_Short text fragments from websites:_
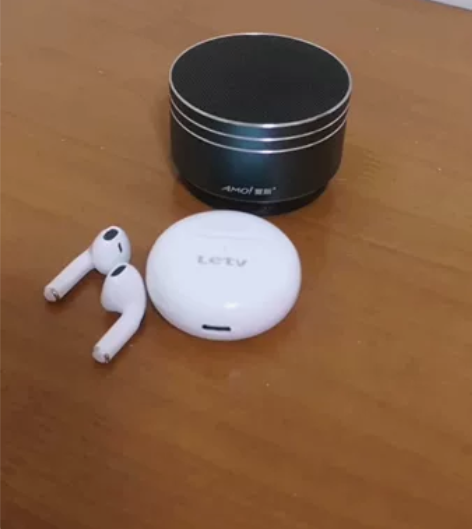 出听书的夏新小音响，全新乐视耳机，打包出，...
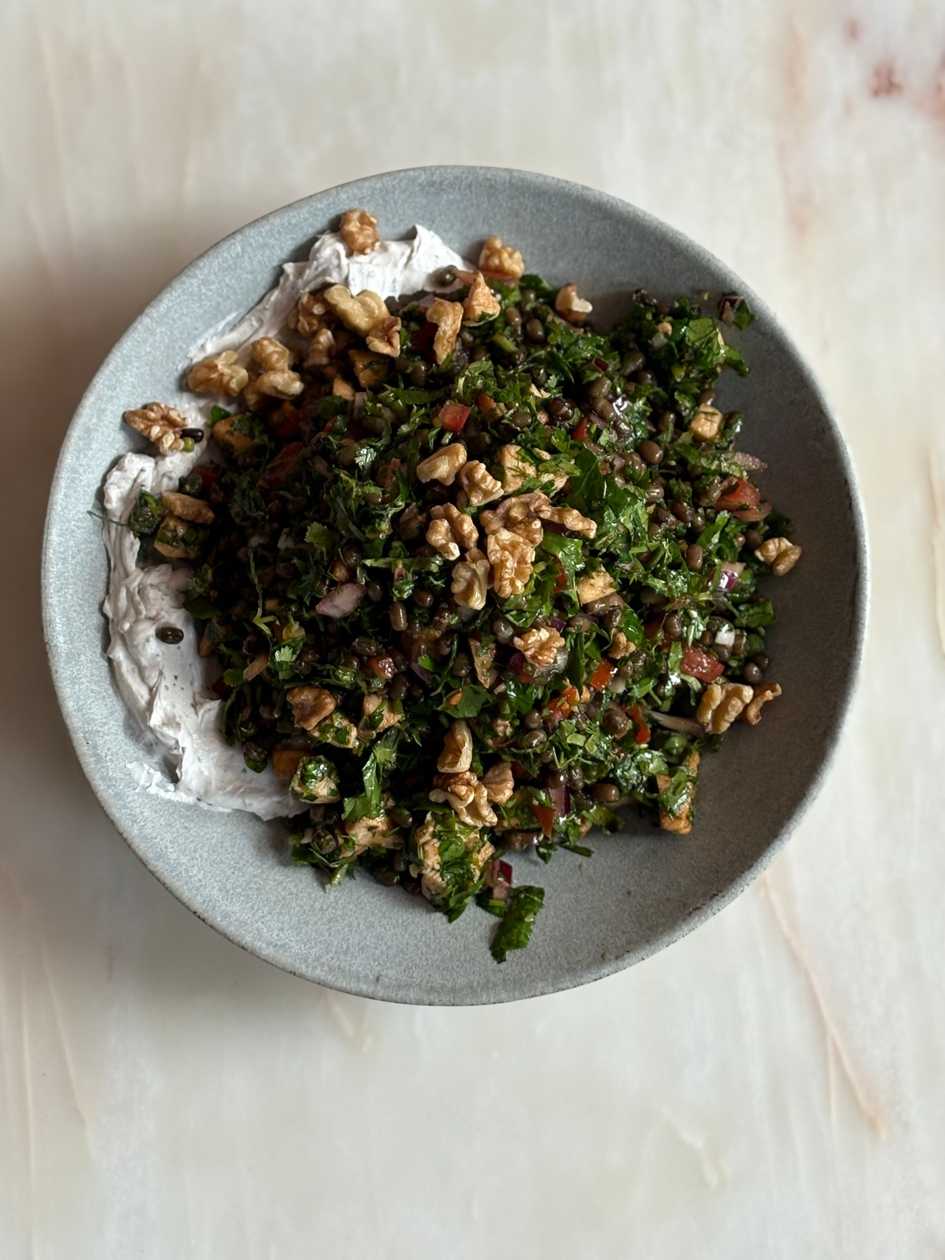 Tofu, lentils and vegan feta Salad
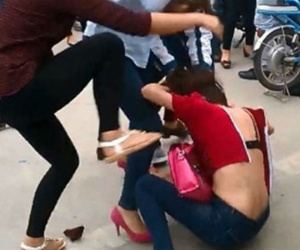 Nghi chồng ngoại tình, vợ dùng kéo cắt tóc, đâm vào đùi 'bồ nhí'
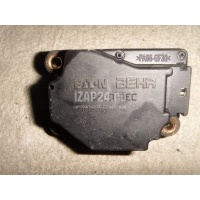 Моторчик заслонки отопителя Volvo XC90 (2002 - 2015)  31101057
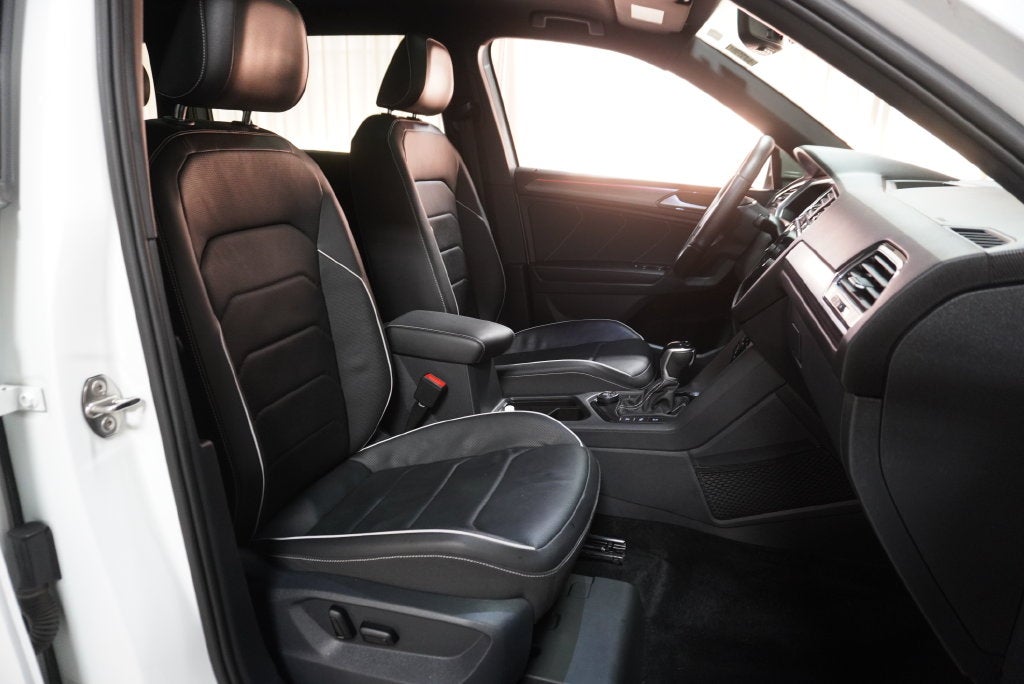 2022 Volkswagen Tiguan 2.0T SEL R-Line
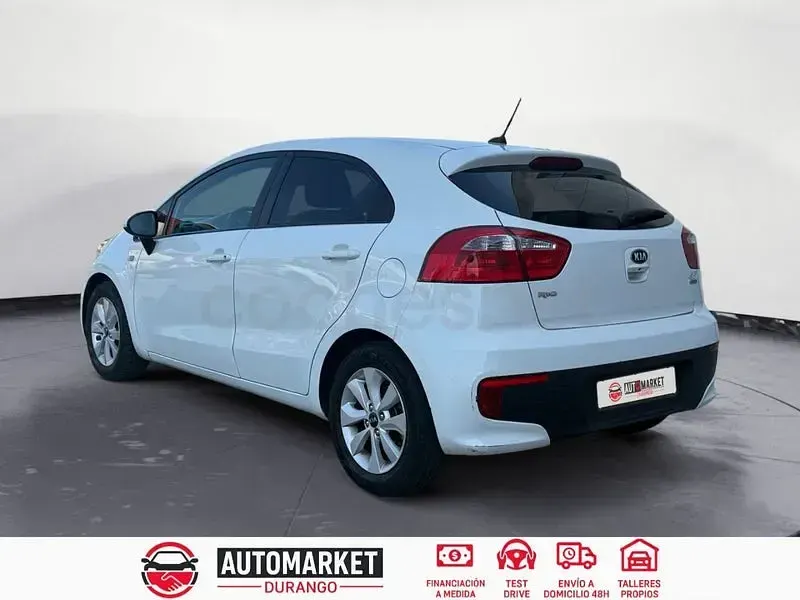 Usado Kia Rio 75 CV (55 kW) 2016 Blanco Utilitario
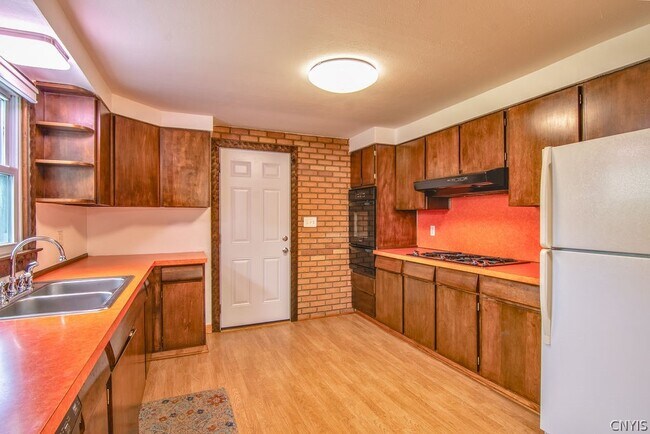 Building Photo - 311 Swansea Ave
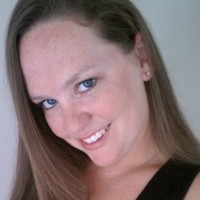 Shelley Saunders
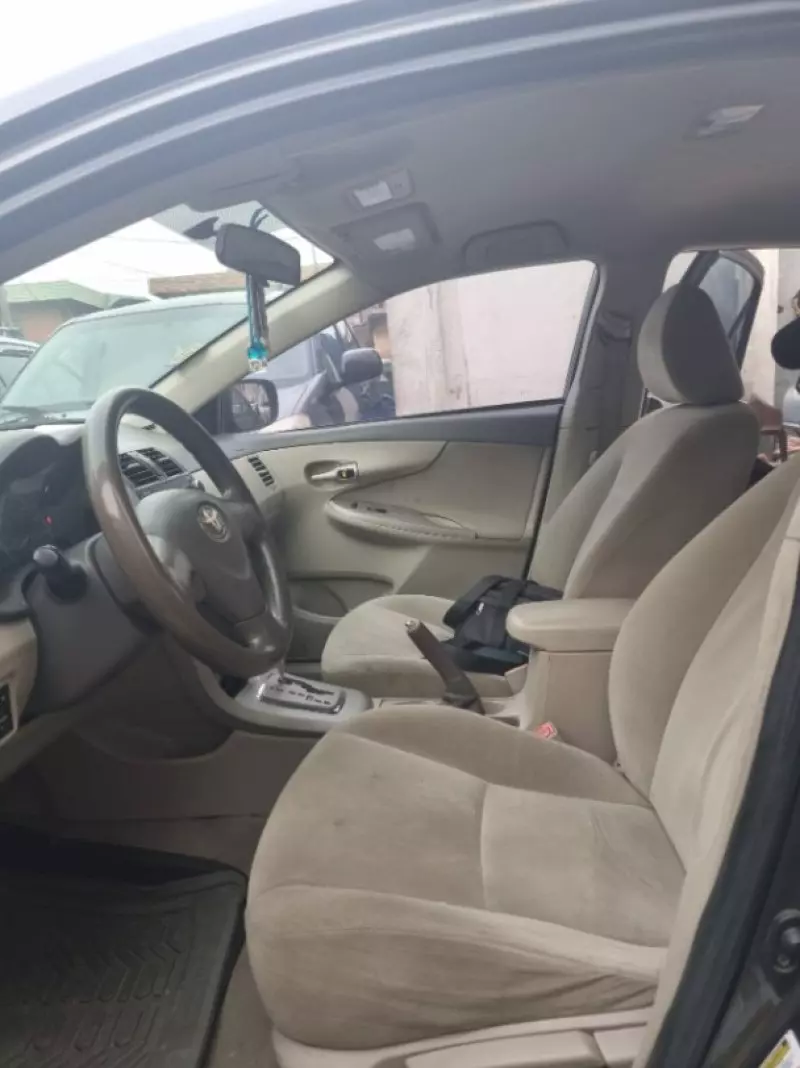 Toyota Corolla   - 2010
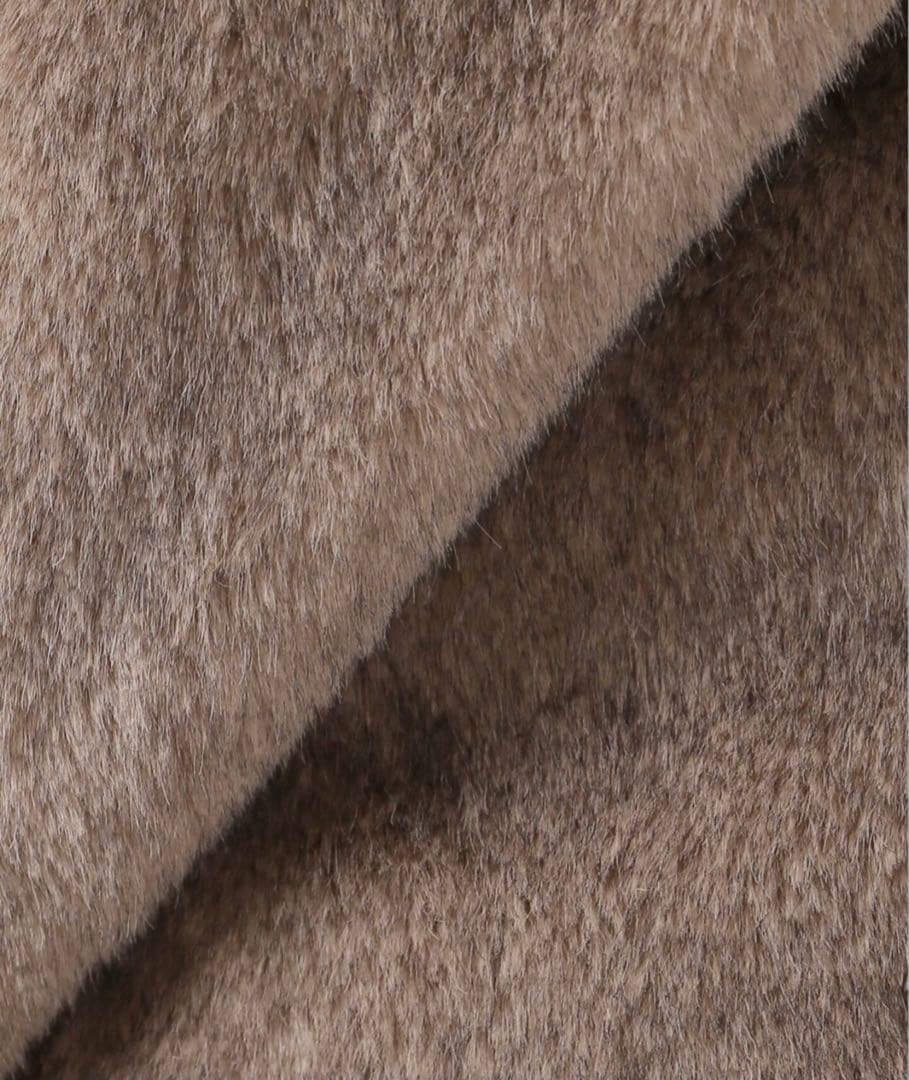 B.C STOCK フード付ミンク調ベスト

_What needs to be done:_ For each record above, write out its text exactly and skip any picture.

_Solution:_
 出听书的夏新小音响，全新乐视耳机，打包出，...
 Tofu, lentils and vegan feta Salad
 Nghi chồng ngoại tình, vợ dùng kéo cắt tóc, đâm vào đùi 'bồ nhí'
 Моторчик заслонки отопителя Volvo XC90 (2002 - 2015)  31101057
 2022 Volkswagen Tiguan 2.0T SEL R-Line
 Usado Kia Rio 75 CV (55 kW) 2016 Blanco Utilitario
 Building Photo - 311 Swansea Ave
 Shelley Saunders
 Toyota Corolla   - 2010
 B.C STOCK フード付ミンク調ベスト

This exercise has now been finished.